Learned counsel for the appellant has further relied upon a judgment rendered by Hon'ble Supreme Court in the case of K. S. ParipoornanVs. State of Kerala and others reported in (1994) 5 SCC 593, which relate to effect of the amendment in the Land Acquisition Act in pending proceedings wherein it was held that they are unaffected by the changes in law so far as they relate to the determination of the substantive rights and in absence of a clear indication of a contrary intention in an amending Act, such cause of action has to be determined as per law as it existed. Learned counsel while referring to the judgment rendered in the case of Hitendra Vishnu Thakur and othersVs. State of Maharashtra and others 4. reported in (1994) 4 SCC 602, has submitted that a statute which affects substantive rights is presumed to be prospective in operation unless made retrospective. It is submitted that the scheme in question is conferring substantive rights which should be given effect to prospectively and therefore cannot govern the case of the petitioner.

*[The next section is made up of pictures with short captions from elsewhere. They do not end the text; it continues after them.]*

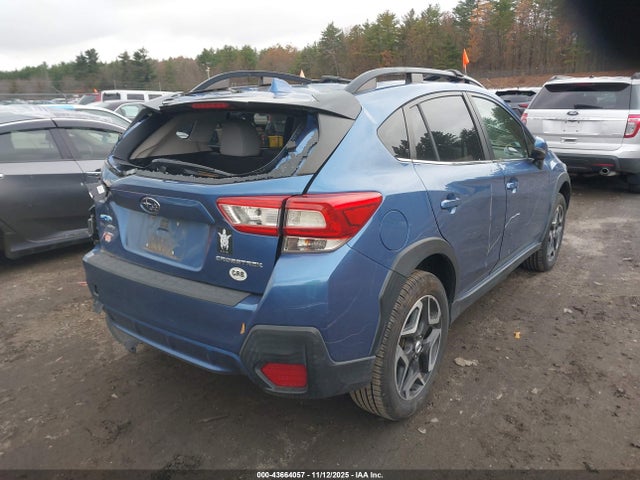 JF2GTAJC9JH253469 Subaru Crosstrek 2.0i Limited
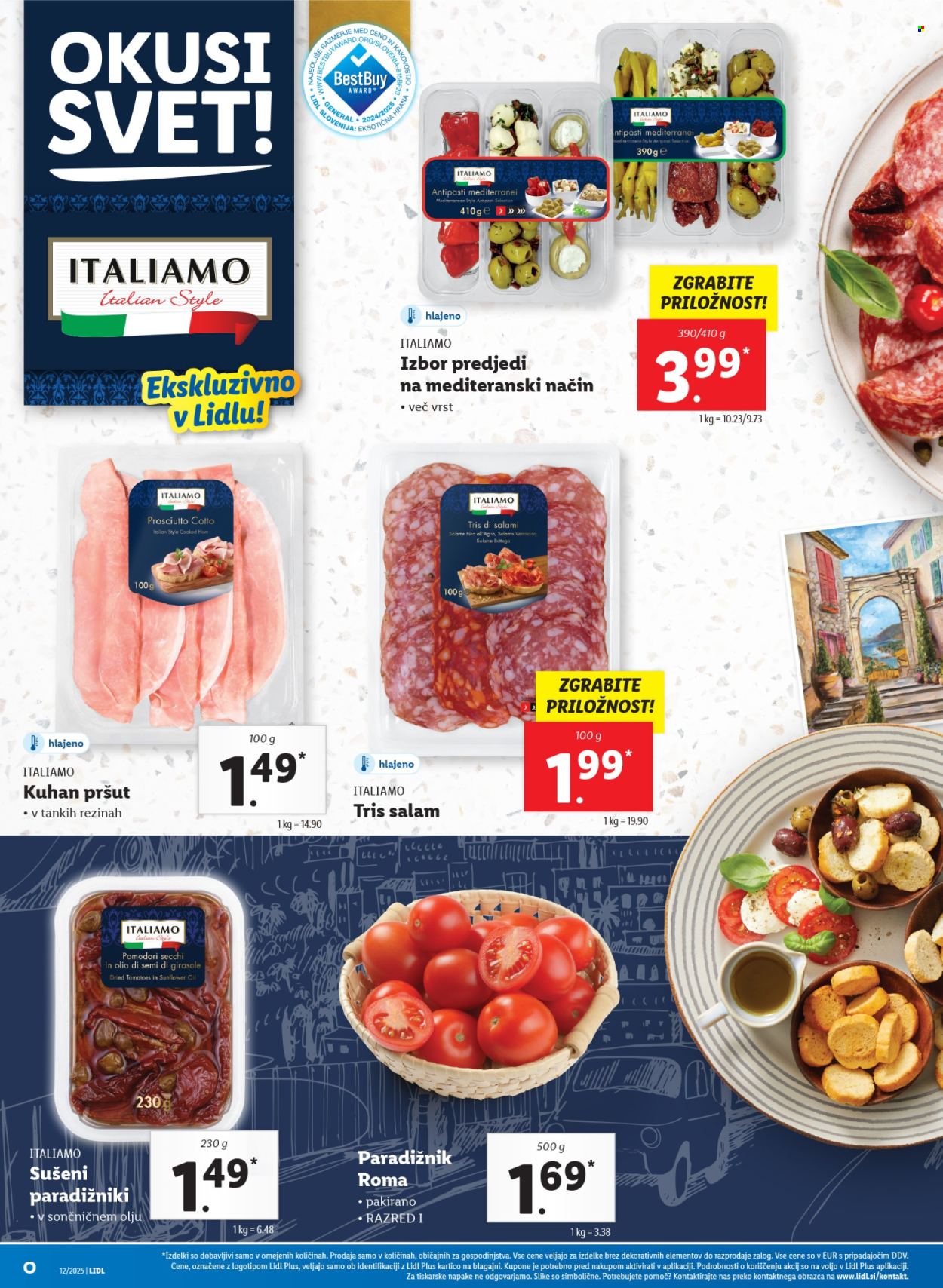 Lidl katalog - 20.3.2025 - 26.3.2025. Stran 64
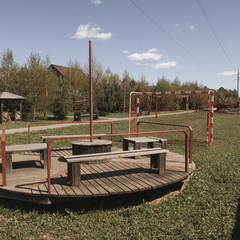 База отдыха Наша Дача, Калужская область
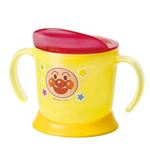 【3ヶ月頃～】レック アンパンマンステップアップコップ 140ml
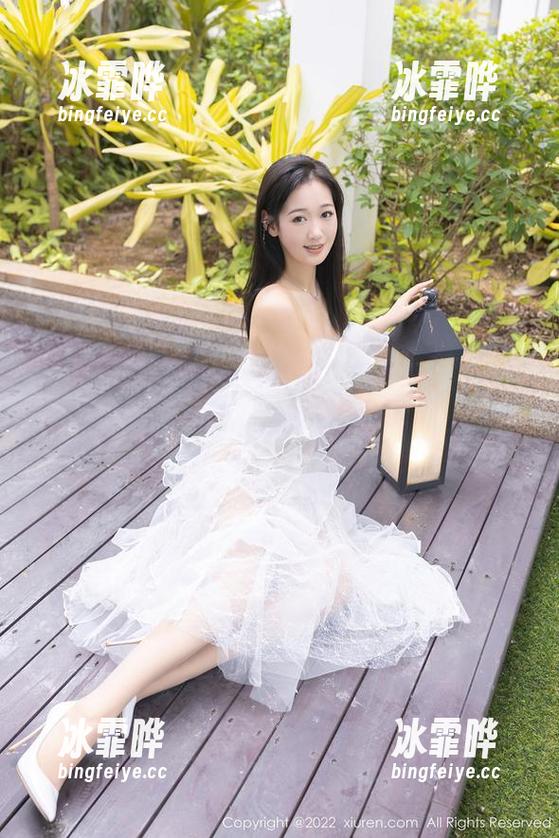 Xiuren秀人网-林子欣freya Xiuren秀人网 - 林子欣freya旗袍合集:穿对了就是仙女下凡,哈哈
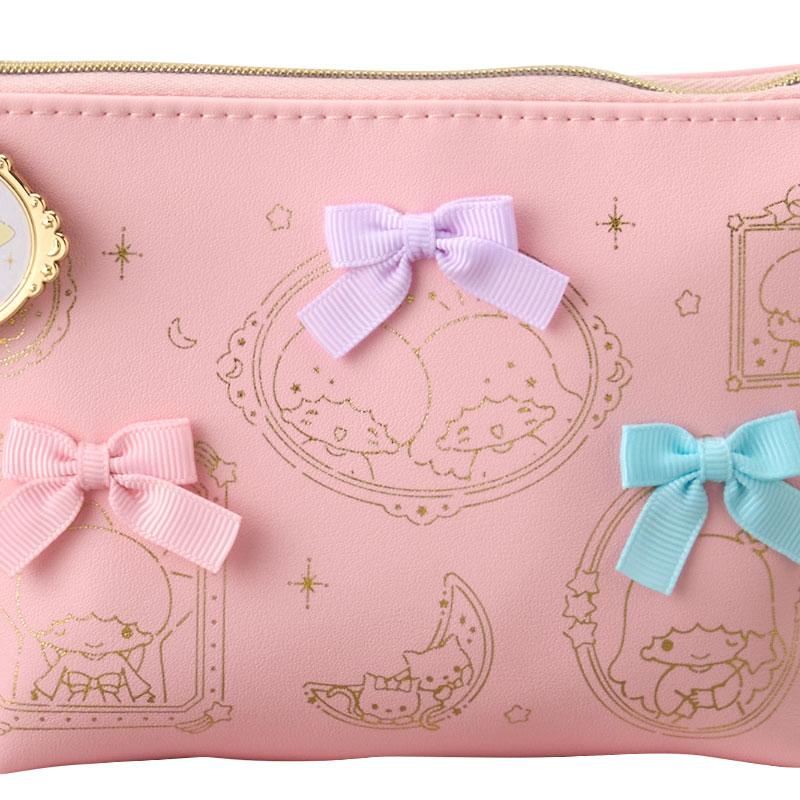 Little Twin Stars Kiki Lala Pouch Frame design Sanrio Japan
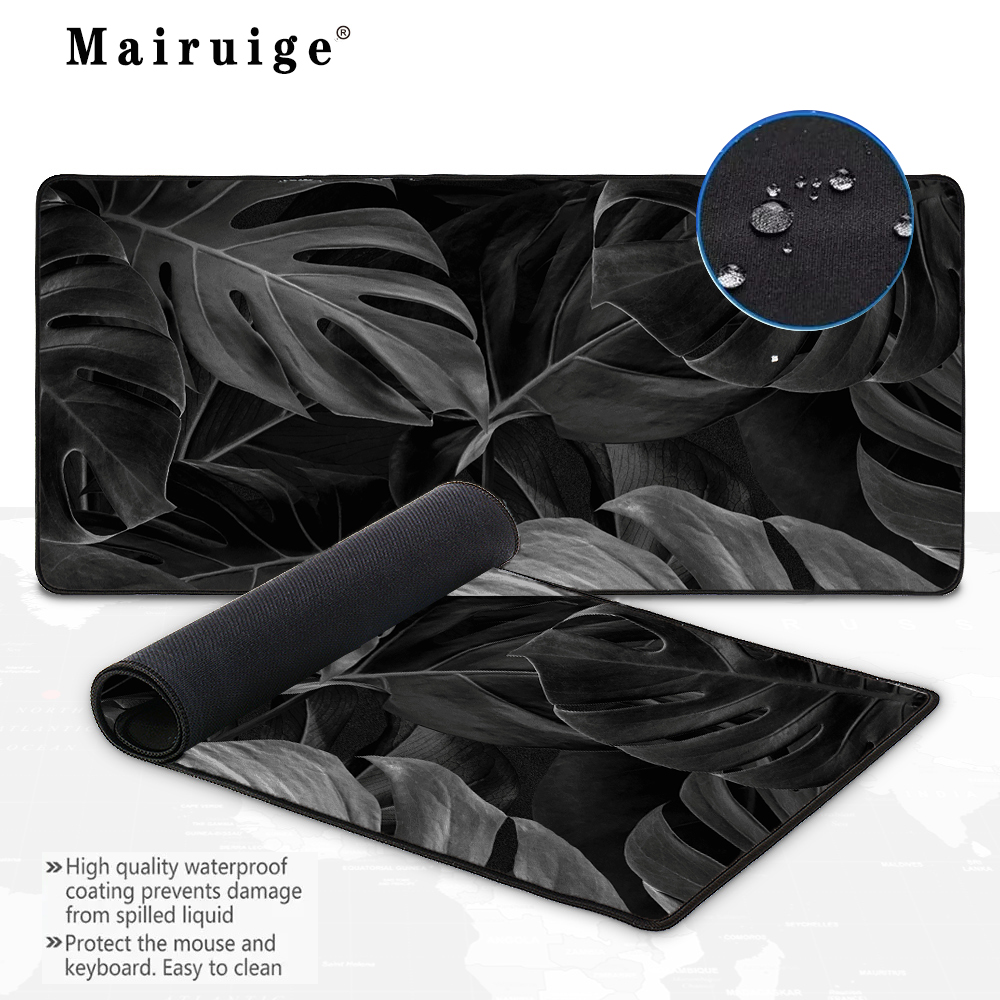 Mairuige Botanical Retro Mouse - Retro Gaming Rug 评论和价格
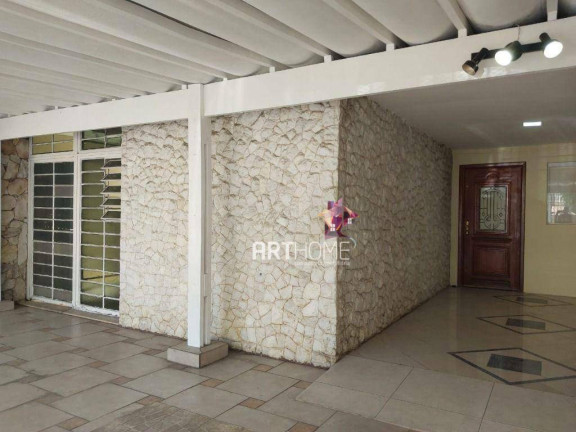 Casa com 3 Quartos para Alugar, 209 m² em Rudge Ramos - São Bernardo Do Campo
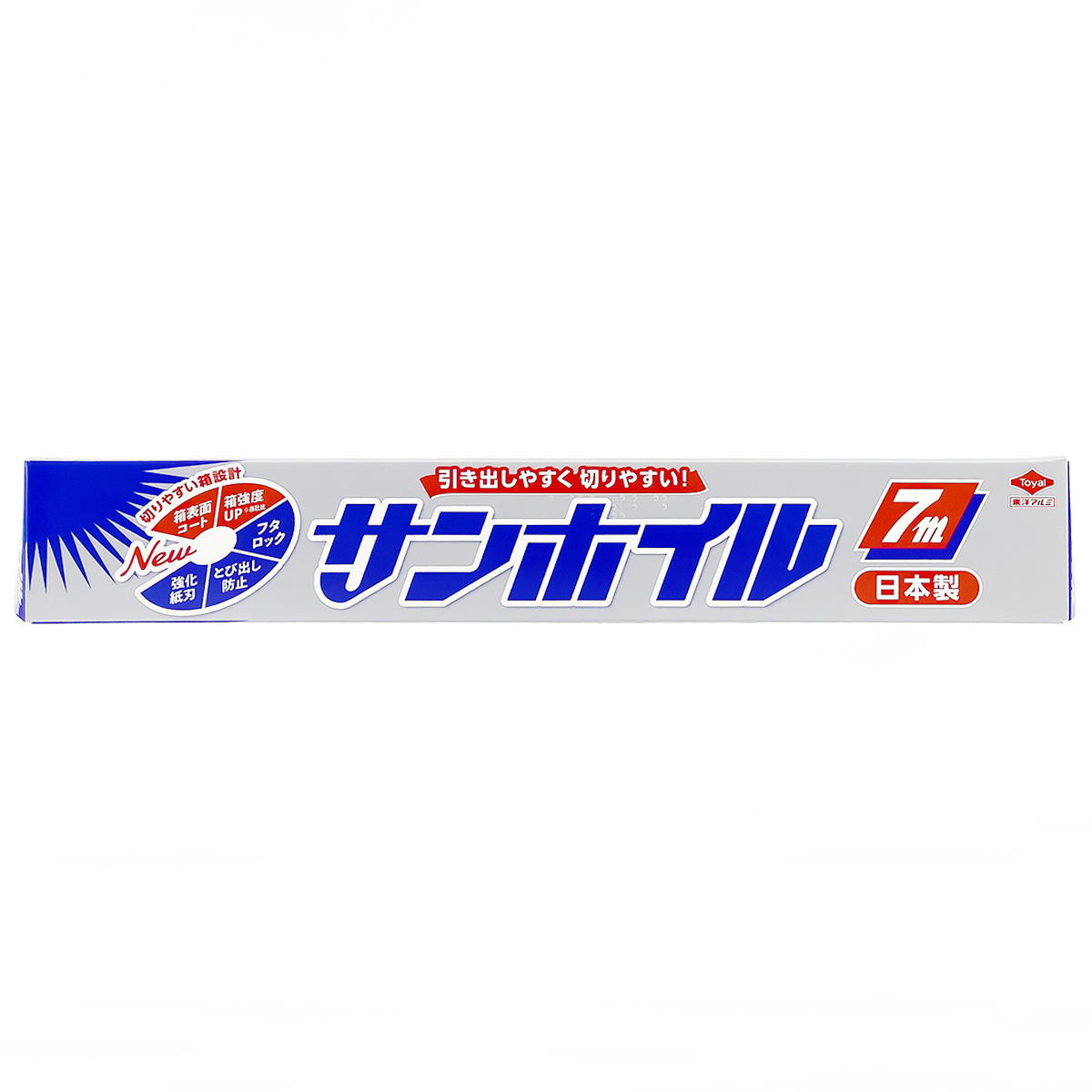 【まとめ買い】東洋アルミ サンホイル 7m1526/367526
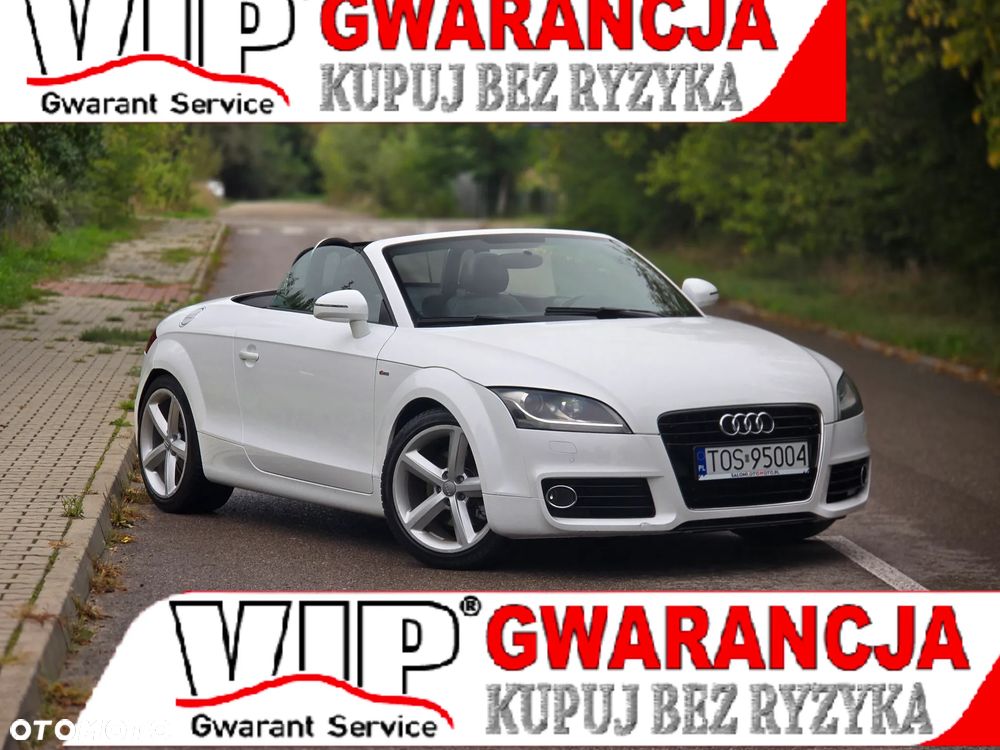 Audi TT Coupé 2.0 TFSI Quattro Prime Line S tronic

5. Learned counsel for the writ petitioner/respondent herein has defended the impugned judgment. It is submitted that learned Single Judge after considering the material facts that though the scheme of 21st March, 2001 came into force after the death of husband of the petitioner but the payments were made by office of Accountant General on 13th February, 2002 after issuance of sanction order by the competent authority under the State Government, admittedly after coming into force of new scheme, the writ petitioner was entitled to enhanced compensation by advancing a liberal and beneficial to such a welfare provision. It is submitted that the case of the writ petitioner was not closed before new scheme came into force on 21st March, 2001 nor was any decision taken on the said claim before 21st March, 2001. Therefore, the learned writ court held that the claim of the petitioner would be guided by new scheme. It is submitted that the impugned judgment is a well reasoned one duly considering the beneficial import of the resolution of 21st March, 2001 which grants exgratia compensation of Rs. 10 Lakhs without any discrimination on account of post and grade to the victim's family and other benefits as well. It is submitted that learned writ court has rightly held that the aim and object of the scheme is to boost the morale of the police force/Government employees dying in such extremists violence and to extend adequate support to their families in the event of their death. Therefore, no interference is warranted in the impugned judgment.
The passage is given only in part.